福岡地方裁判所 平成7年(ワ)621号 判決 1997年1月24日
主文
一 原告らの請求をいずれも棄却する。
二 訴訟費用は、原告らの負担とする。
理由
【事実及び理由】
第一 申立て
一 被告大東京火災海上保険株式会社(以下「被告大東京火災」という。)は、原告甲野開発株式会社(以下「原告会社」という。)に対し、金四〇〇〇万円及びこれに対する平成七年三月一日から支払済みまで年六分の割合による金員を支払え。
二 被告日本団体生命保険株式会社(以下「被告日本団体生命」という。

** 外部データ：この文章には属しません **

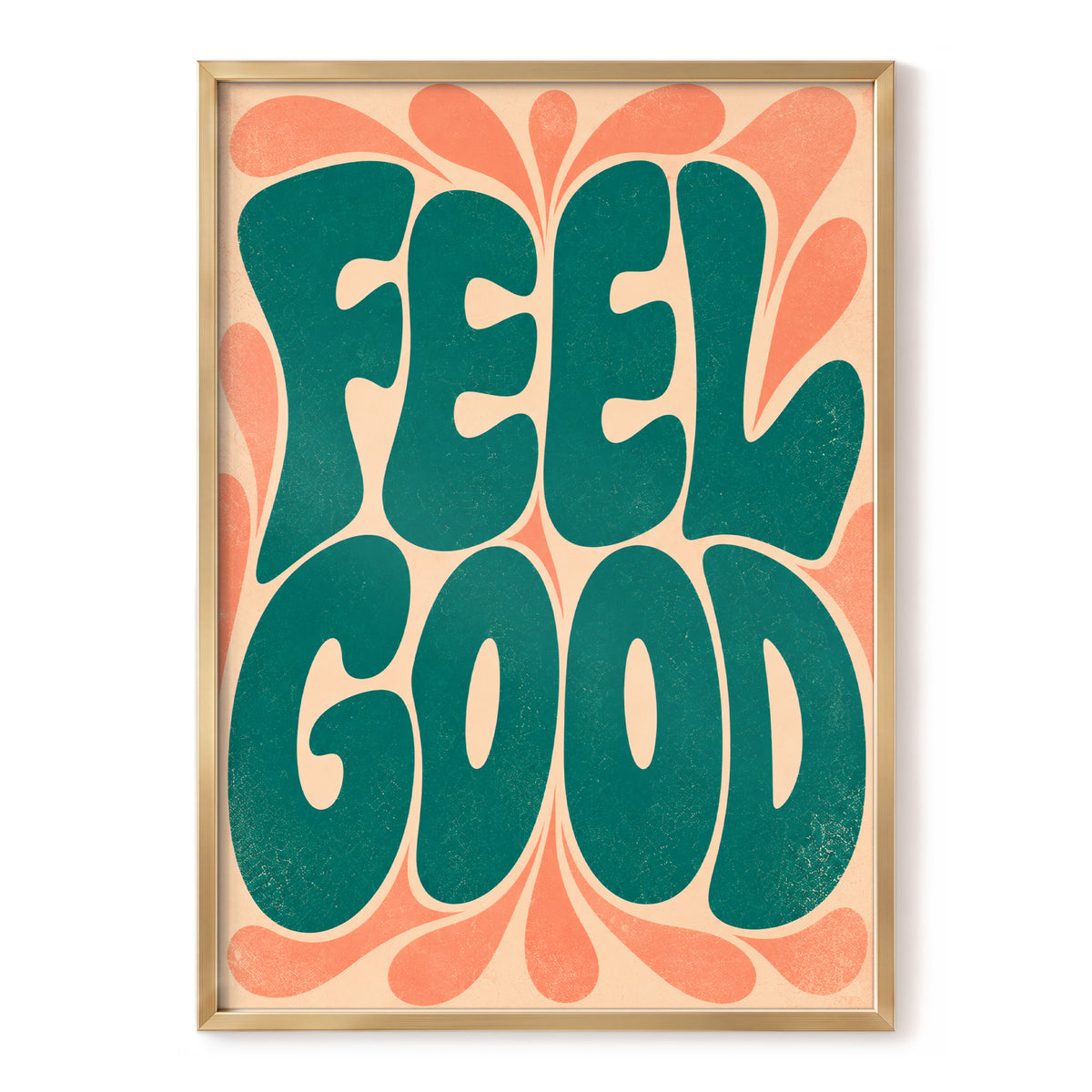 Feel Good Groove, green, orange, beige abstract wall art, front artwork view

)は、原告会社に対し、金六〇〇〇万円及びこれに対する平成七年三月一日から支払済みまで年六分の割合による金員を支払え。
三 被告日産火災海上保険株式会社(以下「被告日産火災」という。)は、原告会社に対し、金五〇三〇万円、原告甲野花子(以下「原告花子」という。)に対し、金一〇〇〇万円、原告甲野一郎(以下「原告一郎」という。)に対し、金五〇〇万円、原告甲野春子(以下「原告春子」という。)に対し、金五〇〇万円及び右各金員に対する平成七年二月二八日から支払済みまで年六分の割合による金員を支払え。
四 訴訟費用は、被告らの負担とする。
五 仮執行宣言
第二 事案の概要
本件は、訴外亡甲野太郎(以下「太郎」という。)がダム湖に車両ごと転落して溺死したことから、被告らと傷害保険契約等を締結していた原告らが、被告らに対して、右事故は太郎の運転上の過失によるものであるとして傷害保険金等及び訴状送達の日の翌日から支払済みまで商事法定利率年六分の割合による遅延損害金の支払を請求した事案である。
一 争いのない事実及び容易に認められる事実
1 当事者
(一) 太郎は、原告会社の前代表取締役であり、原告花子は、その妻、原告一郎及び原告春子は、いずれもその子である。太郎は、平成四年八月二五日死亡した。
(二)被告らは、いずれも保険を業とする株式会社である。
2 保険契約の締結
(一) 原告会社は、平成四年六月一日ころ、被告大東京火災と次のとおりの普通傷害保険契約を締結した。
(1) 証券番号 三〇二六-〇〇七三九
(2) 被保険者 太郎
(3) 受取人 原告会社
(4) 死亡保険金 四〇〇〇万円
(5) 保険金支払条項 被保険者が急激かつ偶然な外来の事故によってその身体に傷害(死亡を含む。)を被ったとき保険金を支払う。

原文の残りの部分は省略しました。